### Activity
Return all the entries exactly, keeping pictures out.

### Stored data

--- START ---

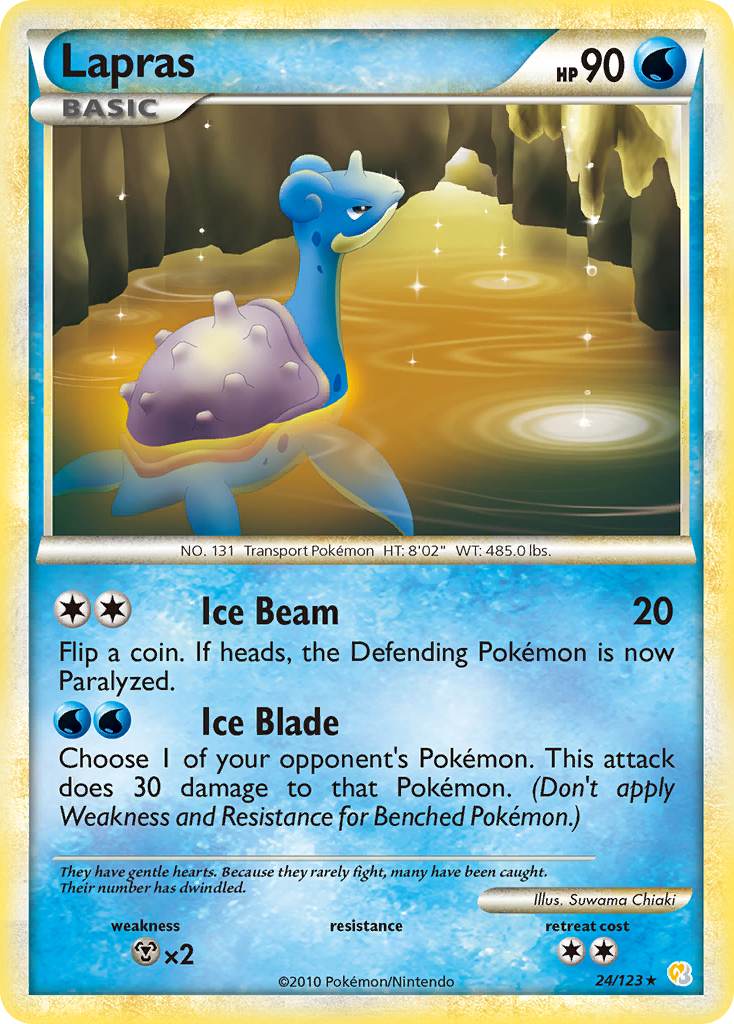 Lapras (24/123) [HeartGold & SoulSilver: Base Set] - Comfy Hobbies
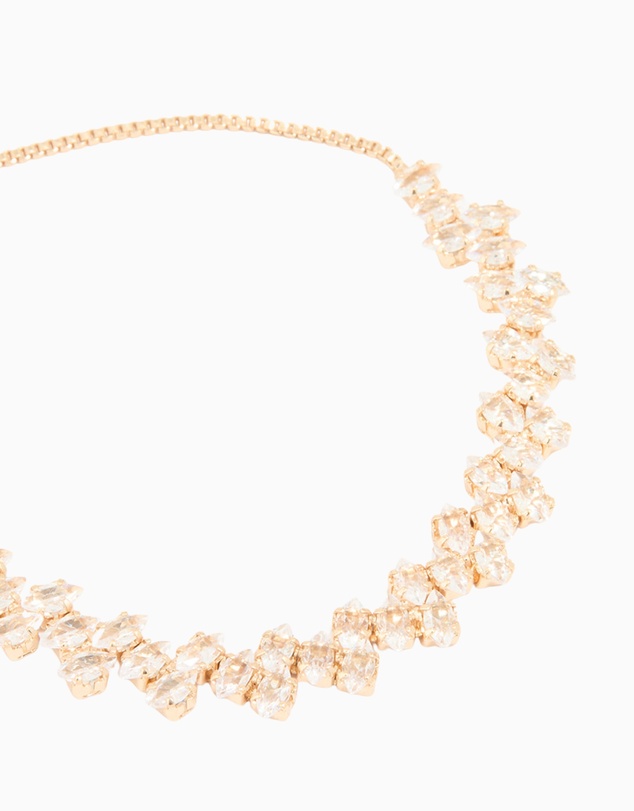 Lovisa - Gold Cubic Zirconia Round Toggle Bracelet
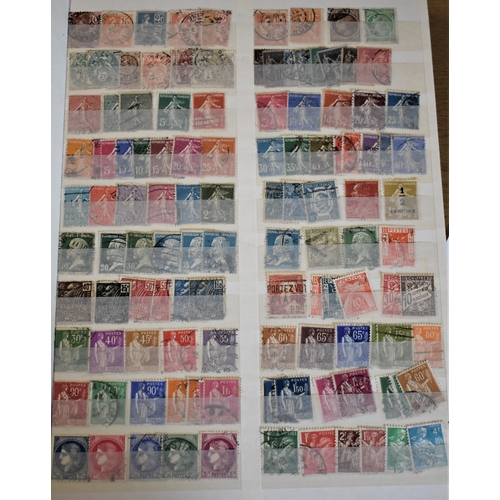 307 - France - A large stock book with mint and used, also a small range of Monaco (100's)
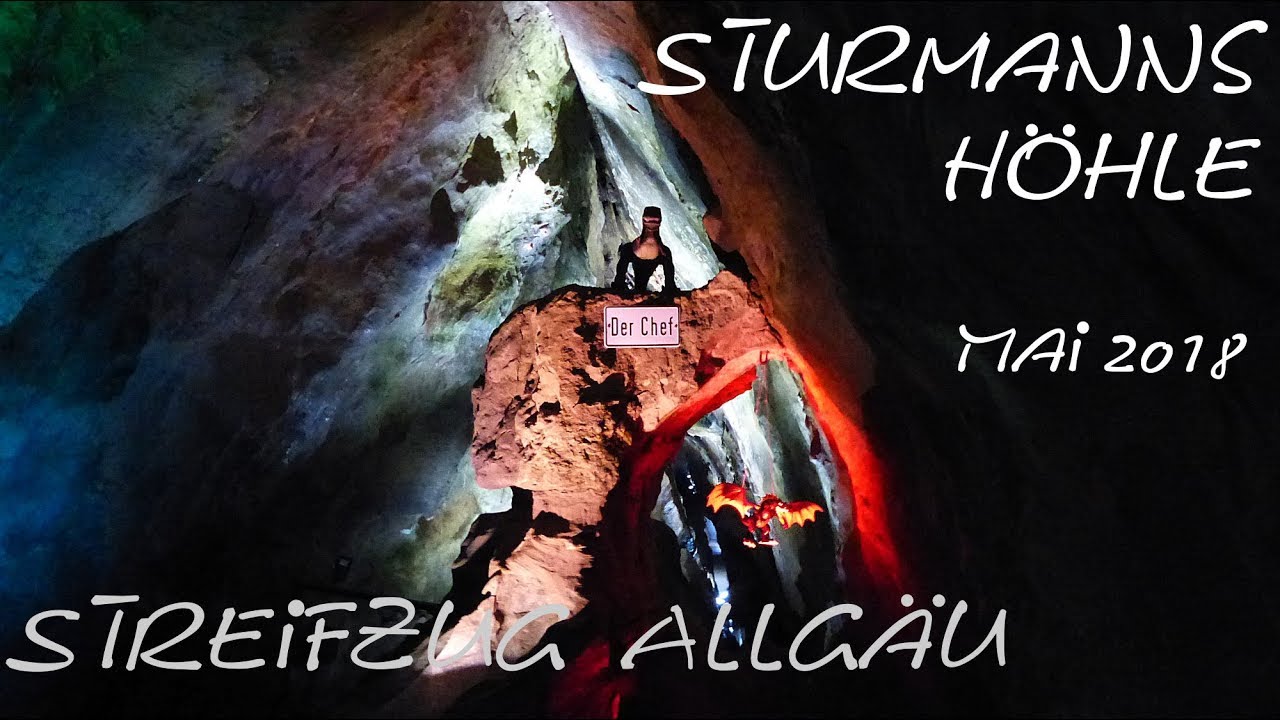 Sturmannshöhle - Obermaiselstein - Streifzug Allgäu - begehbare Höhle - Reise-Doku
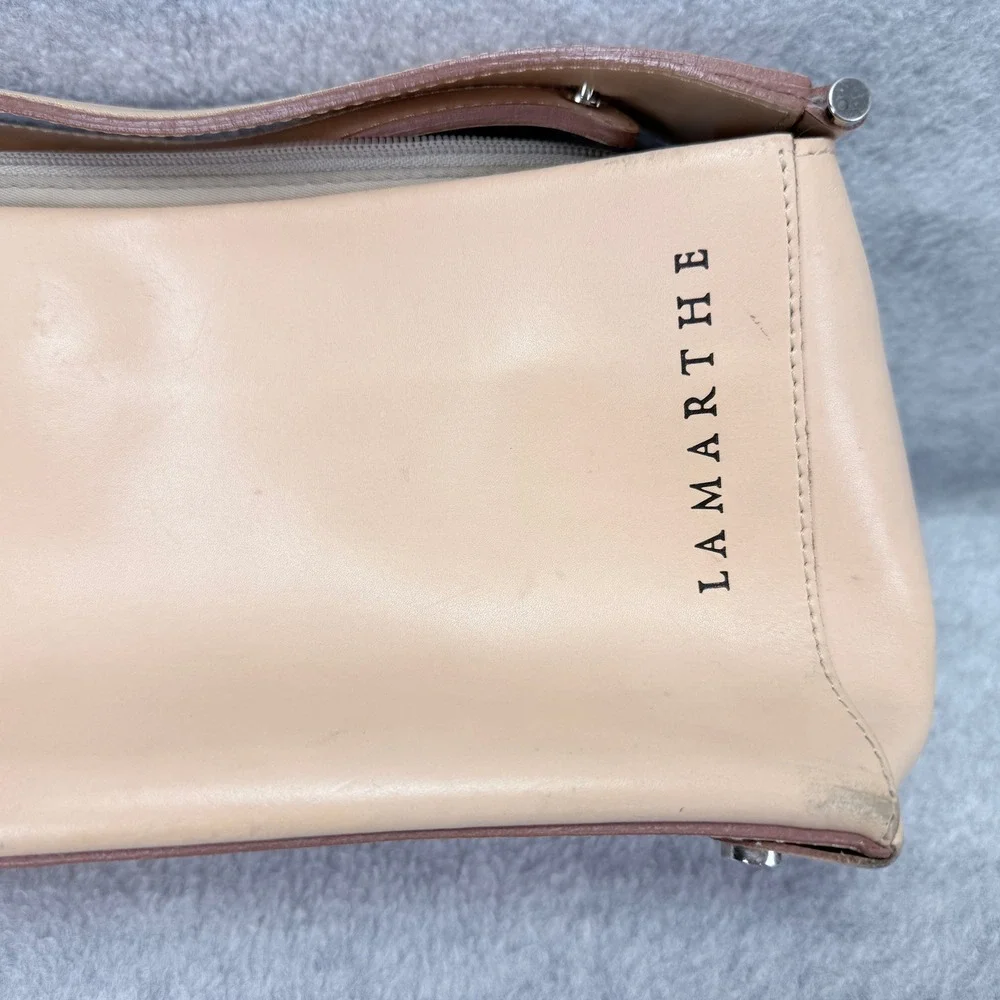 Lamarthe Shoulder Bag Womens Small Tan Leather Baguette Vintage - Picture 5 of 16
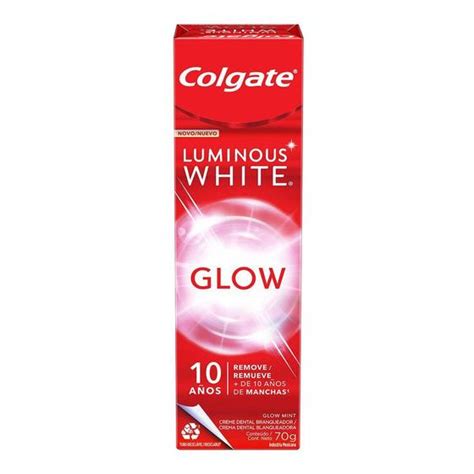 Creme Dental Colgate Luminous White Glow Clareador G Creme E Gel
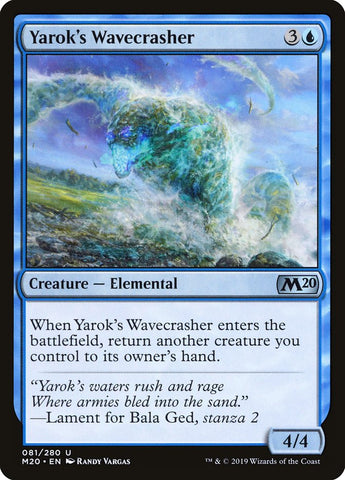 Yarok's Wavecrasher [Core Set 2020] - TCG Master
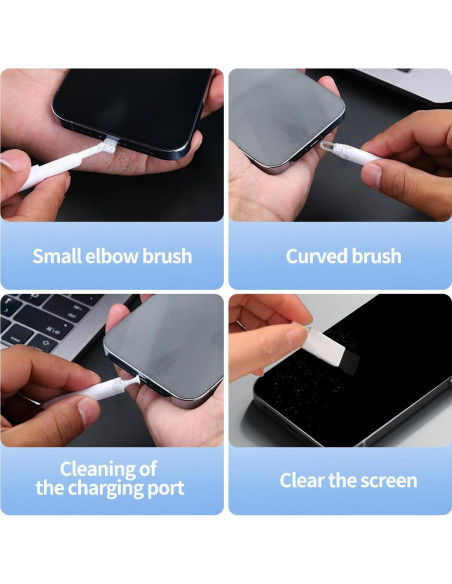 Kit de limpieza para teléfonos Stjiatu CK03 con adaptadores USB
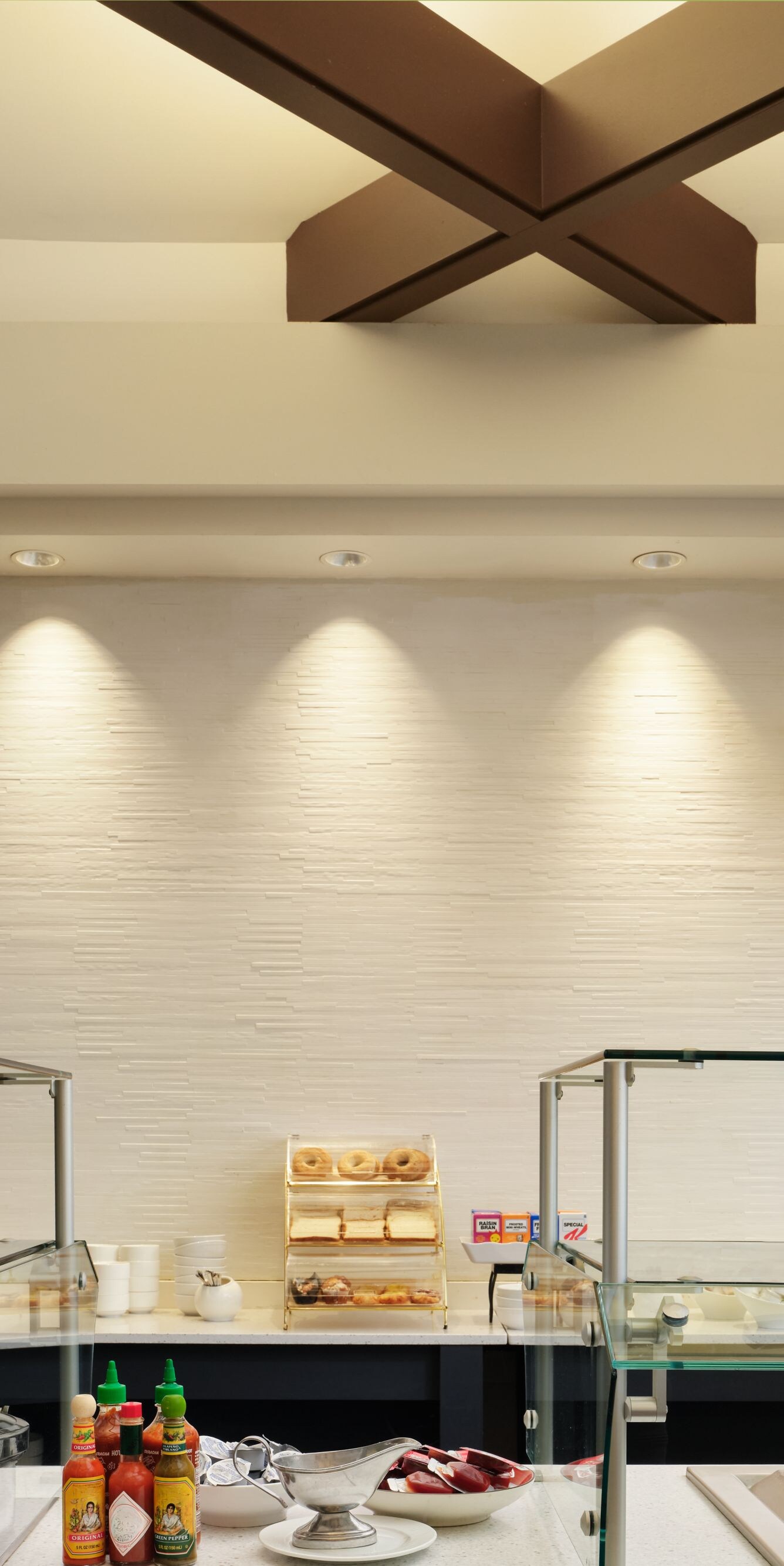 Restaurant breakfast seating area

--- END ---

### Exercise result
 Lapras (24/123) [HeartGold & SoulSilver: Base Set] - Comfy Hobbies
 Lovisa - Gold Cubic Zirconia Round Toggle Bracelet
 307 - France - A large stock book with mint and used, also a small range of Monaco (100's)
 Sturmannshöhle - Obermaiselstein - Streifzug Allgäu - begehbare Höhle - Reise-Doku
 Lamarthe Shoulder Bag Womens Small Tan Leather Baguette Vintage - Picture 5 of 16
 Creme Dental Colgate Luminous White Glow Clareador G Creme E Gel
 Yarok's Wavecrasher [Core Set 2020] - TCG Master
 Kit de limpieza para teléfonos Stjiatu CK03 con adaptadores USB
 Restaurant breakfast seating area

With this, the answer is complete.